Schul- und Internatskosten sind für 10 Monate zu entrichten. Die Internatskosten für einen Monat belaufen sich daher auf 478,20 €, für 6 Monate im Jahr 2012 (Jänner bis Juni, siehe oben) auf 2.869,20 €.

Die Internatskosten sind um die Haushaltsersparnis zu kürzen, die auf Basis der Verordnung über die bundeseinheitliche Bewertung bestimmter Sachbezüge, BGBl. II 2001/416, zu ermitteln und demgemäß nach Lehre und Praxis mit 156,96 € pro Monat (das sind acht Zehntel des Wertes der vollen freien Station) in Ansatz zu bringen ist. Dies ergibt im Weiteren einen Tagesbetrag für volle Verpflegung von 5,23 €.

Veranschlagt man für 6 Schulmonate abzüglich schulfreien Perioden 22 Wochen à 5 Schultagen, so ergibt sich für 110 Schultage mit voller Verpflegung eine Haushaltsersparnis von 575,30 €.

Die Internatskosten für ein Pflichtschulkind belaufen sich daher im Streitfall und -jahr auf einen Betrag von 2.293,90 € (=2.869,20 minus 575,30). Sie liegen damit unter dem Selbstbehalt iSd § 34 Abs. 4 EStG 1988 und führen zu keinem steuerlichen Vorteil unter dem Titel einer außergewöhnlichen Belastung, weil sie nach dem Gesetzeswortlaut insofern die wirtschaftliche Leistungsfähigkeit nicht beeinträchtigen.

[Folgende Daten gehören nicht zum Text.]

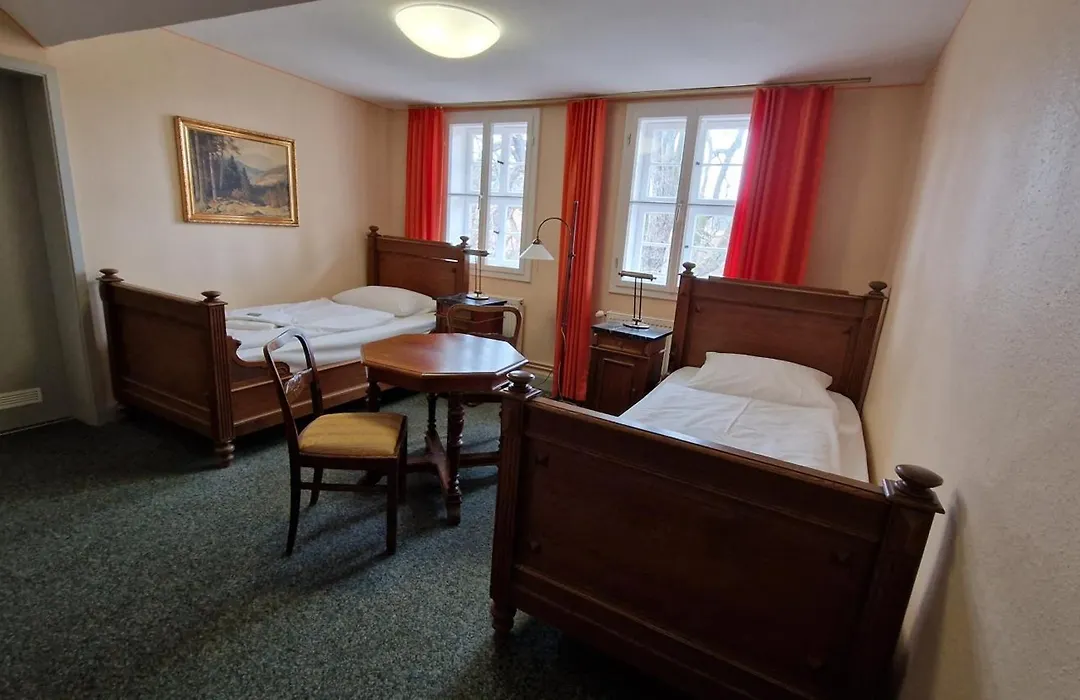 Kloster Drübeck-1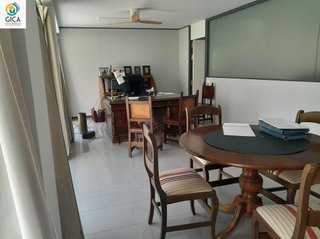 Oficina en alquiler en Centro en Jerez de la Frontera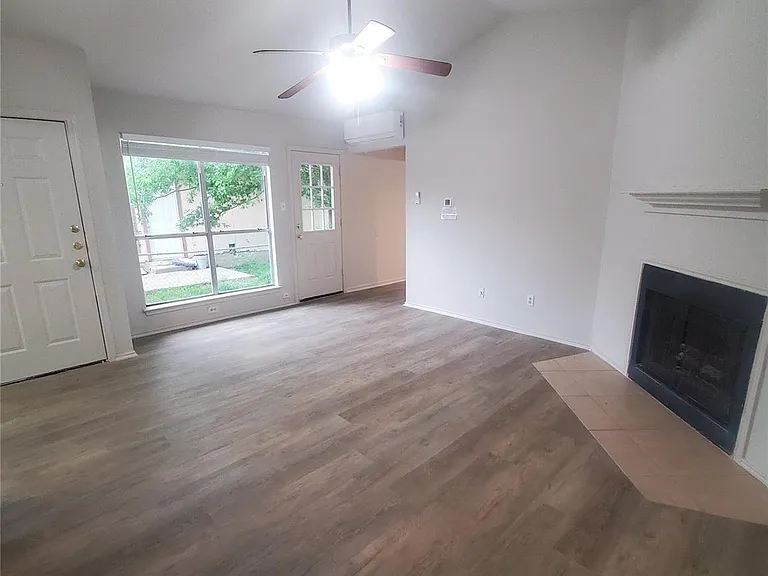 6909 Hyland Cir #A — Photo 19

Es war somit spruchgemäß zu entscheiden.

Zulässigkeit/Unzulässigkeit einer Revision

Gegen ein Erkenntnis des Bundesfinanzgerichtes ist die Revision zulässig, wenn sie von der Lösung einer Rechtsfrage abhängt, der grundsätzliche Bedeutung zukommt, insbesondere weil das Erkenntnis von der Rechtsprechung des Verwaltungsgerichts­hofes abweicht, eine solche Rechtsprechung fehlt oder die zu lösende Rechtsfrage in der bisherigen Rechtsprechung des Verwaltungsgerichtshofes nicht einheitlich beantwortet wird.

Die Lösung der streitgegenständlichen Rechtsfrage findet Deckung in der höchstgerichtlichen Rechtsprechung sowie im Gesetz, weshalb keine Rechtsfrage von grundsätzlicher Bedeutung vorliegt.